To do:
Produce as output only the lines below starting at the line with "Brilagi - Candelabru" and continuing through the line with "Тумба с Раковиной", each one exactly as written.

Supplied data:
______
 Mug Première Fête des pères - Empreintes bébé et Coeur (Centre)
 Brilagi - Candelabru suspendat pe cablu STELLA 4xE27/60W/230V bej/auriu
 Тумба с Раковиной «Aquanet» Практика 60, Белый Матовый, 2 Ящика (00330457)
______
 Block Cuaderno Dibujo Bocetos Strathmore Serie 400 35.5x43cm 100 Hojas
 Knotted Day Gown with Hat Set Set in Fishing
______
Final answer:
 Brilagi - Candelabru suspendat pe cablu STELLA 4xE27/60W/230V bej/auriu
 Тумба с Раковиной «Aquanet» Практика 60, Белый Матовый, 2 Ящика (00330457)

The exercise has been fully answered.